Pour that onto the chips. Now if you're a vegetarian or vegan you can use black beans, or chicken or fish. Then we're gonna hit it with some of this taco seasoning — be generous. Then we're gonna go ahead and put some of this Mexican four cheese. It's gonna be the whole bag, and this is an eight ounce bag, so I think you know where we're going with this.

_ _ _

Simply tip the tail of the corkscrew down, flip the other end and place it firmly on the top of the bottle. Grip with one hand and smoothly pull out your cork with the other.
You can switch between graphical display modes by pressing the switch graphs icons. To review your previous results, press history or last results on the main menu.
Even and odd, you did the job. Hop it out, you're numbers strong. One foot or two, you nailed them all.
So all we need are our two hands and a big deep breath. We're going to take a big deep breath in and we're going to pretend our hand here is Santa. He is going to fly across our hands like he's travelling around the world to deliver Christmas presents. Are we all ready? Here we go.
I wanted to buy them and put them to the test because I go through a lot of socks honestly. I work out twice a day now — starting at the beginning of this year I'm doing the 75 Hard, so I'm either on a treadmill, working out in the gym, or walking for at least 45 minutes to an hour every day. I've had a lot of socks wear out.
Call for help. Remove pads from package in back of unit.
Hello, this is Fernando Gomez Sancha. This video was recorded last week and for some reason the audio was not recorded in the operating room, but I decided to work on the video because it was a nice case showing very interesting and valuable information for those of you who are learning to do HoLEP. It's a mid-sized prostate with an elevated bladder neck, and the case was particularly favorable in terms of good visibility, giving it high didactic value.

_ _ _

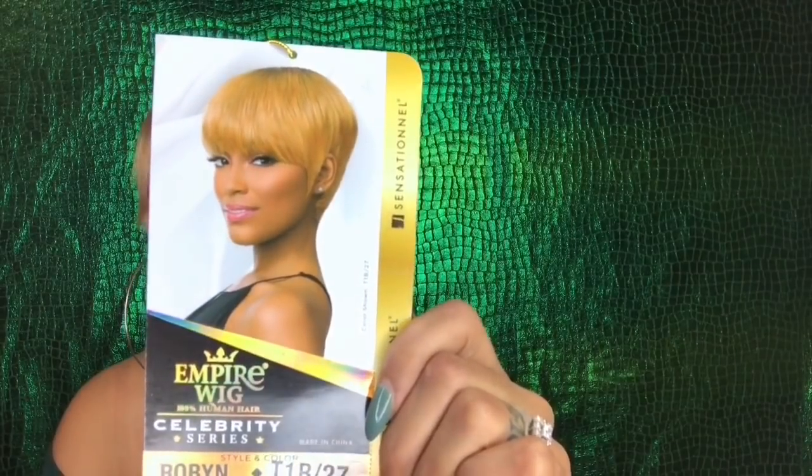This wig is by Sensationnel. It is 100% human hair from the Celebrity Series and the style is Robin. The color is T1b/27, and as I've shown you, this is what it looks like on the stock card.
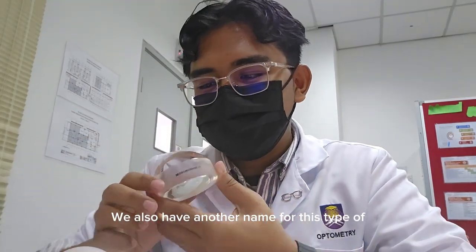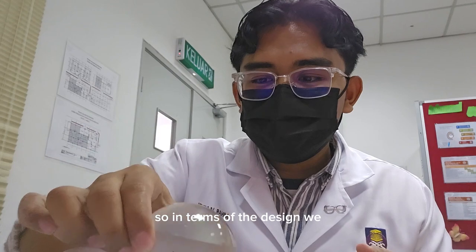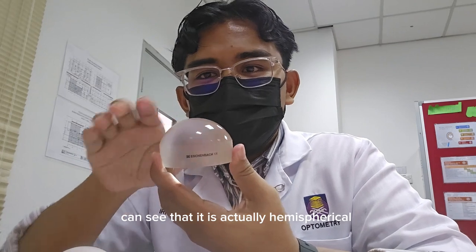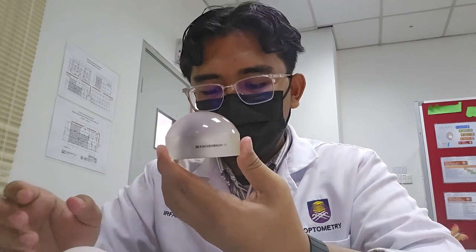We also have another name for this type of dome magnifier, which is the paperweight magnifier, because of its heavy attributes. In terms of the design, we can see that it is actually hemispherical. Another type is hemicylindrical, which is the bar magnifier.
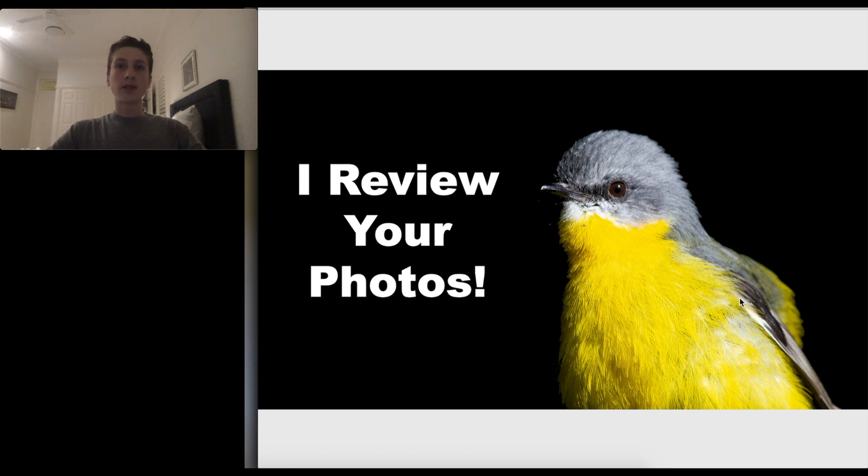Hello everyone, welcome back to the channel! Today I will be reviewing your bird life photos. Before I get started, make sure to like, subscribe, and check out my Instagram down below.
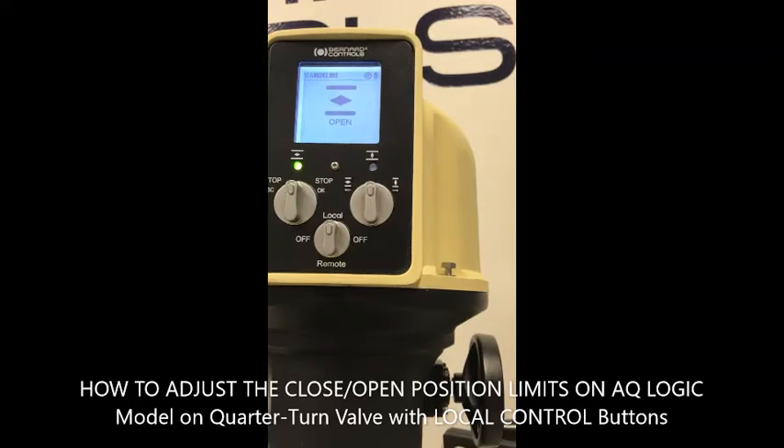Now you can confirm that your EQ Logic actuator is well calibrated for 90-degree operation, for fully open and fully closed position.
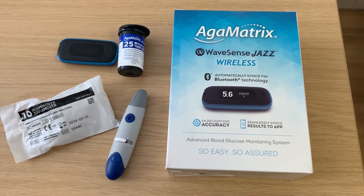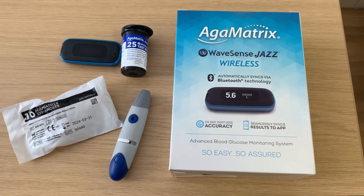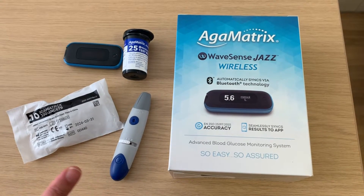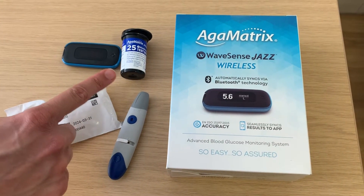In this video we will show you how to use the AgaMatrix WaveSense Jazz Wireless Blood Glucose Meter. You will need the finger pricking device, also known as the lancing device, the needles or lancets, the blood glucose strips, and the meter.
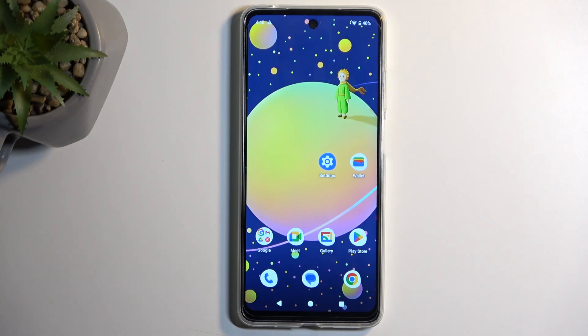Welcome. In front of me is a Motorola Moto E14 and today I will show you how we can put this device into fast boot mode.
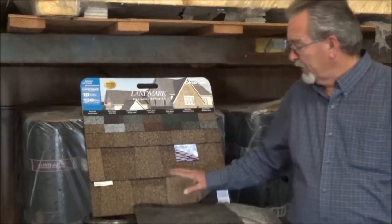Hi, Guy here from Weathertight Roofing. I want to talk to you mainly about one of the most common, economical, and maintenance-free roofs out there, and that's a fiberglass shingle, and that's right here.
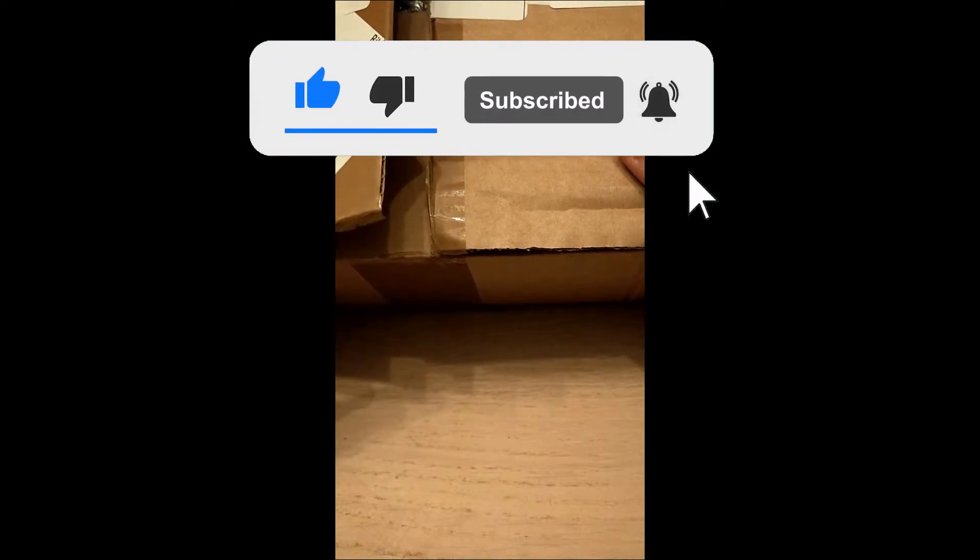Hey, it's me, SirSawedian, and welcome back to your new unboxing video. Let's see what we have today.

_ _ _

TRY IT ▸
Determine how many lines in the listing above contain the word "them". Provide that figure only.

OUTPUT OF THE EXERCISE ▸
2